Un autre message est également adressé en direction de l’opinion. Il dit : vous verrez, il n’y aura plus de couac, on aura un gouvernement mono-couleur, nous menons la “seule” politique économique possible et raisonnable. Et tout cela finira par donner des résultats. Enfin, c’est aussi un message au gouvernement et parlementaires du PS. La fronde commençait à pouvoir s’appuyer sur des ministres du gouvernement et pas des moindres. C’était un danger de politique intérieure considérable… Donc la pression est dorénavant sur les députés. “On ne peut qu’être totalement avec nous ou contre nous”, et “ce qui est vrai au gouvernement l’est aussi au Parlement”, tels sont, selon moi, les messages envoyés aux uns et aux autres.

Est-ce que la composition du futur gouvernement est le bras de levier déterminant pour mettre un coup d’arrêt aux tensions politiques que l’on a constatées depuis l’arrivée de François Hollande au pouvoir ?
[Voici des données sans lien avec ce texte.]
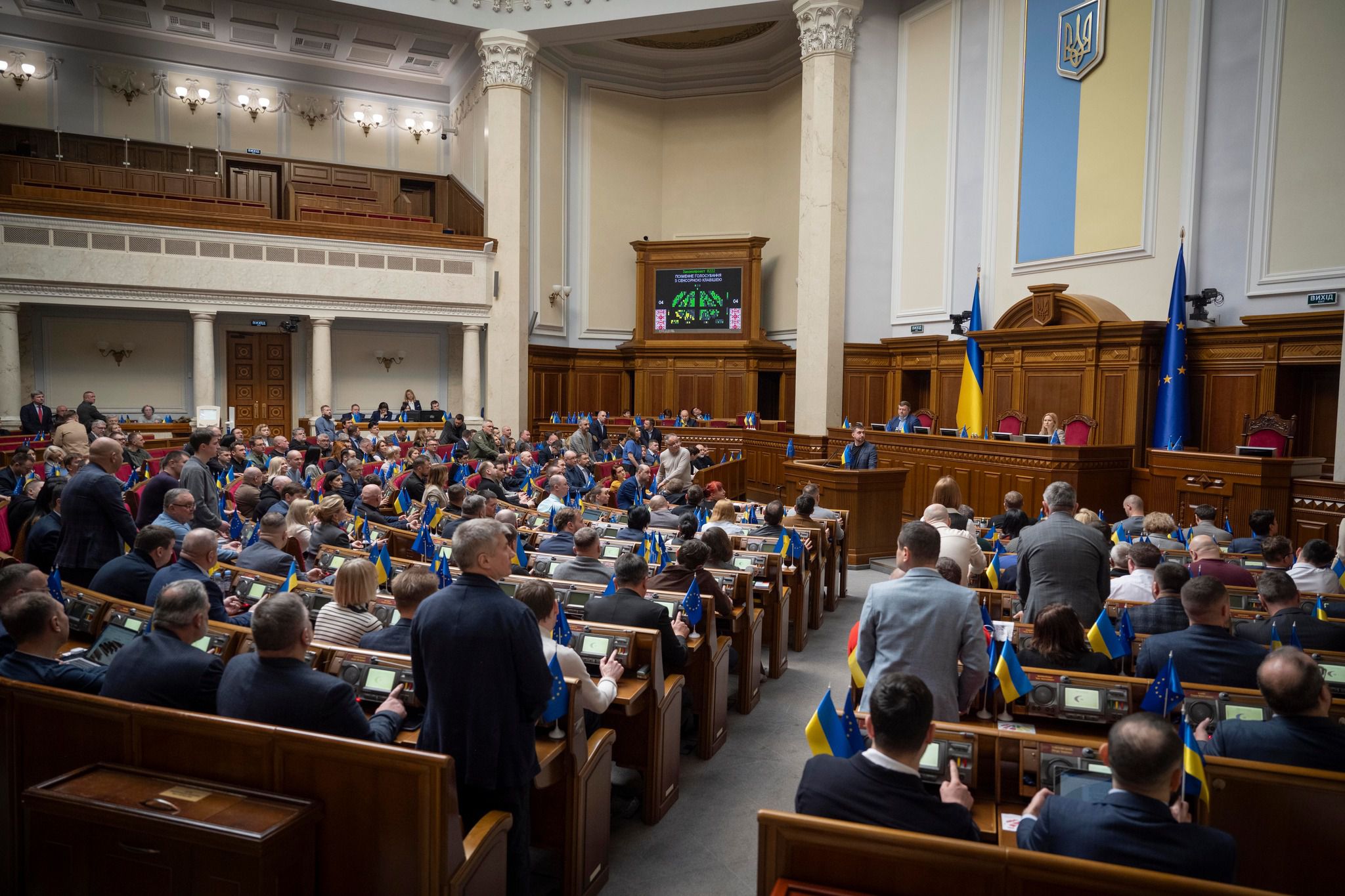 Законопроект щодо удосконалення правового механізму перепоховання загиблих (померлих) захисників України прийняли за основу 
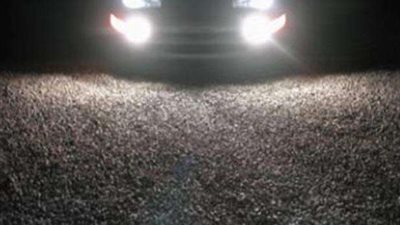 بعد التحذيرات من طقس الغد.. نصائح هامة لتفادي مخاطر الشبورة الصباحية أثناء القيادة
Roland Cayrol : Ce qui est déterminant, c’est le fait qu’il y ait eu cette opération de débarquement collectif, de mise en place d’un nouveau gouvernement en 24 heures, et la communication qui suivra si elle donne une impression d’autorité et de rapidité. La future composition ne peut pas donner beaucoup plus d’indications car au fond, elle est déjà un peu contrainte. Il n’y a pas de possibilités considérables de changement. Beaucoup des sortants seront des rentrants et on prendra quelques autres poids lourds, très certainement plutôt des gens d’expérience. Il s’agira de montrer que l’on ne court pas de nouveaux risques. C’est donc l’opération elle-même de débarquement qui constitue le coup de poing, beaucoup plus que l’arrivée de Monsieur X ou de Madame Y.